Eurozone: everything under control(?)
Economic growth in the Eurozone seems to have peaked but remains higher than what we would expect in the long term. Among other things, this means unemployment is falling, which should at some point lead to higher wages and therefore an increase in consumption. It will eventually also push up inflation. The ECB is making use of the room this creates to terminate its net purchases in its bond-buying programme as of the end of this year. However, it has already announced that a rise in interest rates will have to wait until after the summer of 2019. Alongside the question of what will happen with Brexit and the trade dialogue with the US, an important issue for the Eurozone is how the Italian government will behave. An escalating conflict with European institutions and other member states about compliance with budget rules would undermine the current positive sentiment in the Eurozone.

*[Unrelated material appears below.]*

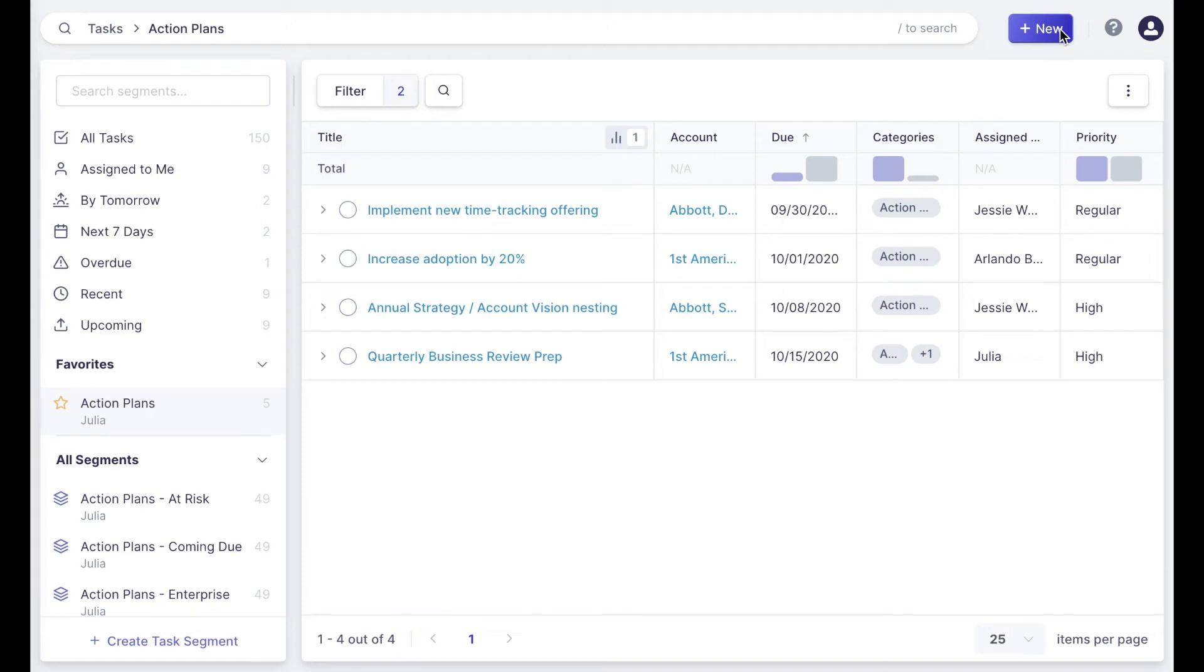Welcome to Catalyst's new and improved tasks. I'm Julia, product manager at Catalyst,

United Kingdom: Brexit is already taking a toll
Firms, households and the government are preparing for Brexit. This is leading among other things to reluctance to invest and relatively cautious growth in consumption. This is also partly due to the high inflation following depreciation of the pound sterling. On the other hand, the trade deficit is falling and unemployment, which was already low, is continuing to decline further. All in all, economic growth in the UK will remain weak up to the date on which it leaves the EU.
Japan: stable and low
The Japanese economy’s growth potential is very low but the immediate future looks brighter. The major engine driving this is the fiscal and monetary stimulus from the Abenomics programme, which is further reinforced by the increasing demand for Japanese products abroad. However, the limits of this growth have been reached due to a very tight labour market and the negative effect of the country’s demographics.

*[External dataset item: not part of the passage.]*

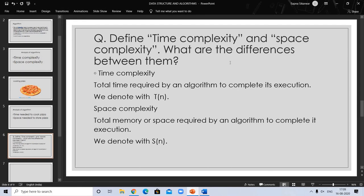Now let's discuss the differences between time complexity and space complexity. In time complexity, the main focus is on time; in space complexity, the main focus is on memory or space. If you want your program to run fast in minimum time, time complexity is important. If you don't worry about time but need less memory, then space complexity is important — it depends on your preference.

Emerging economies: shared image does not do justice to the differences
The Chinese economy appears to be barely affected at the macroeconomic level by the trade altercations with the US. The economy grew by 6.7 per cent in the second quarter compared with the same quarter a year earlier. Once again, this exceeds the official target of 6.5 per cent for the growth rate. This may change of course if the US introduces a wider package of tariff measures. In that case, the question is how the Chinese government would respond. Would they let economic growth drop a little or would the government instead step up its efforts to stimulate domestic expenditure?

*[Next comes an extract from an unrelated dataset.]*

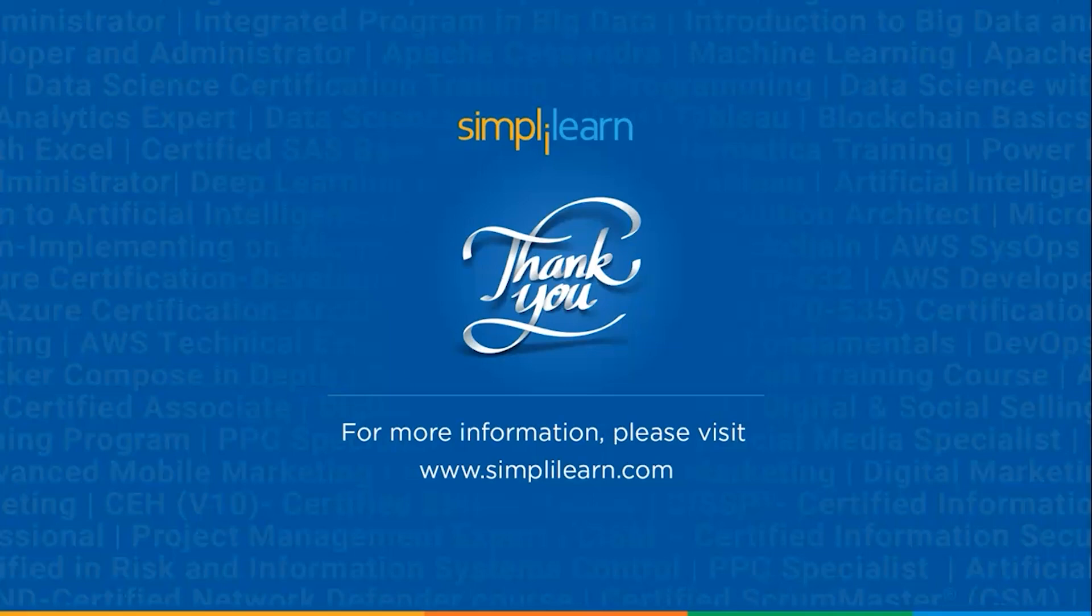That's the procedure to get ahead with Google's agent development kit. With that, we have come to an end of this session on Google's agent development kit tutorial for beginners. If you have any queries regarding any of the topics covered in this session, or if you require the resources that we have used in this session, please feel free to let us know in the comment section below. Our team of experts will be happy to assist you at the earliest. Until next time, thank you for watching and stay tuned for more from SimpliLearn.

The Indian economy is currently performing extremely well. It combines a high rate of growth with relatively low inflation, and we do not expect this to change in the next while. India has however suffered recently from the turbulent situation in Turkey, with the currency weakening as a result. This was on top of the effects of the tighter monetary policy in the US. Even so, we do not expect this to harm the thriving real economy much.
The Brazilian economy stuttered in the first six months of this year due in part to a major strike by truckers and a number of corruption scandals involving politicians. There is also uncertainty about who will form the government after the elections in October this year. We are assuming the new government will be reform-minded and market-focused, and we are therefore expecting a good 2019 from an economic perspective. This recovery will be further reinforced by rising exports — helped along by the recent fall in the value of the Brazilian real — and levels of inflation that are still relatively low.